Final Utility is the utility of a good when applied to our least desirable use of it. It is the estimated utility of the last use of a supply, i.e., the least important use of that supply. For example, if a use of a good must be given up, it will logically be the last use of the good we would choose. This is because we give up the least important of our satisfactions first—which would be the uses satisfied by the last good since we satisfy our more important needs first.

For example, if we lost a unit of a good, the value of the loss would be the value of the least important use of the good. This last good, which represents its final utility, was being applied to our least important wants. In the case of the lost good, it is replaced, and the value to which we can assign the loss is not the value of the first most important use of the good, but the least important—what we call the final utility.

According to the law of marginal utility, the value of each good in a stock of identical goods is the utility of the last and most easily dispensable unit. That is why price is said to be determined by supply and demand: the price reflects the (approximate and average) value of the good, but most closely reflects the value of the last use. If there is a shortage of supply, the good will cease being applied to its least important uses. All else being equal, the price will increase and the increase in price represents, so to speak, the value we attribute to the new last use. Before, with a larger supply, the last use was of less value to us. With a smaller supply the value of the last use is necessarily more important because we always satisfy our more important wants first. Therefore, the increase in price can be seen as a reflection of the increase in value we attribute to the last use of the supply.

Ludwig von Mises writes:

"When face with the problem of the value to be attached to one unit of a homogeneous supply, man decides on the basis of the value of the least important use he makes of the units of the whole supply; he decides on the basis of marginal utility."

==Example==

If a hurricane struck Florida and there was a shortage of water, everything else equal, the price of bottled water would increase. Water in Florida, before this shortage, was used for drinking water, cooking, watering plants, and bathing. With the tap off, the price of bottled water has increased to such an extent that bottled water will surely not be purchased for watering plants or bathing. That is, the increase in price reflects the increase in the value we attribute to the last use of the last unit in the supply of the good. To explain, before the hurricane, water was valued according to the fact that it would be used for bathing and watering plants. Now, with a shortage, it is valued according to its ability to quench thirst and cook food. The latter uses importance is "approximated" in the price of the good. The bottled water which now costs, say, $20 a bottle, is an approximation of the value attribute to drinking water, cooking water, and whatever else it might be used for at the higher price—given that previous uses are not considered due to the shortage of supply and its corollary, the increase in price. That is why it is said that a homogeneous stock of goods is valued according to its final utility—according to its last use of a stock of a good.

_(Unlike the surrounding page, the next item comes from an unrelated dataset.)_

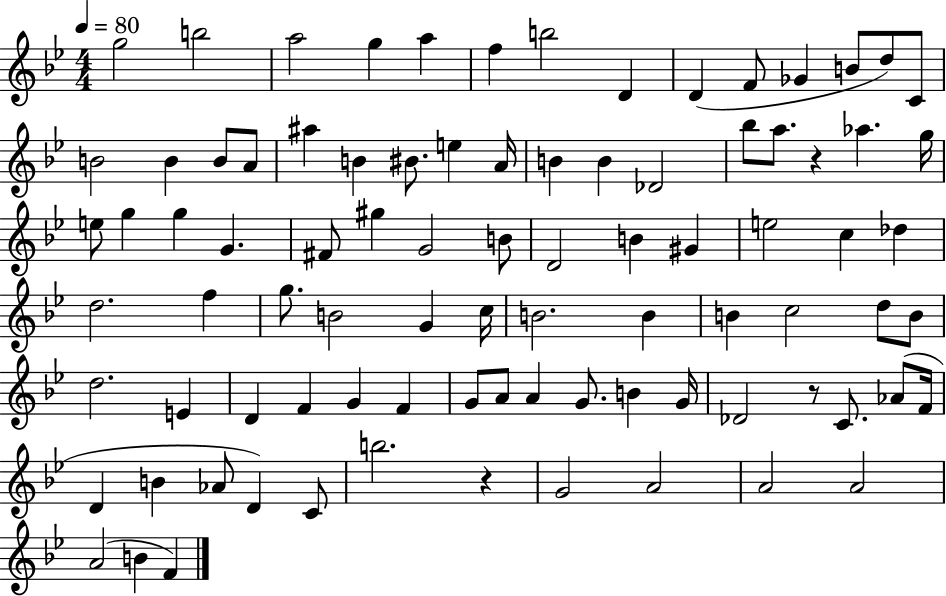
G5/h B5/h A5/h G5/q A5/q F5/q B5/h D4/q D4/q F4/e Gb4/q B4/e D5/e C4/e B4/h B4/q B4/e A4/e A#5/q B4/q BIS4/e. E5/q A4/s B4/q B4/q Db4/h Bb5/e A5/e. R/q Ab5/q. G5/s E5/e G5/q G5/q G4/q. F#4/e G#5/q G4/h B4/e D4/h B4/q G#4/q E5/h C5/q Db5/q D5/h. F5/q G5/e. B4/h G4/q C5/s B4/h. B4/q B4/q C5/h D5/e B4/e D5/h. E4/q D4/q F4/q G4/q F4/q G4/e A4/e A4/q G4/e. B4/q G4/s Db4/h R/e C4/e. Ab4/e F4/s D4/q B4/q Ab4/e D4/q C4/e B5/h. R/q G4/h A4/h A4/h A4/h A4/h B4/q F4/q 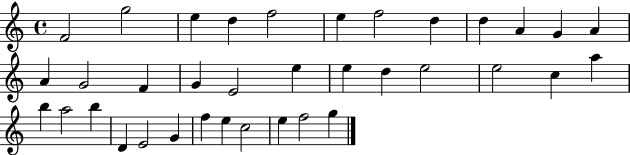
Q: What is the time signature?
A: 4/4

A supply of a good will be applied to most important wants first and least important wants last. When there is a shortage, all else being equal, the price increases. The smaller supply is being used for the most important wants, but is not being used for the least important wants. In this sense, we can say the increase in price represents the increase in value which the last unit of the supply is filling. Before water cost very little and was used for washing and watering plants. Now, since there is not enough for washing and watering plants and it is instead being used exclusively to drink and cook—the value we attribute to those activities is, in a sense, communicated through the higher price. The price reflects that importance of the last use of a supply—and in this case the supply was truncated to only allow for the more important uses.

Final utility is the logical conclusion of marginal utility and a cornerstone of price theory.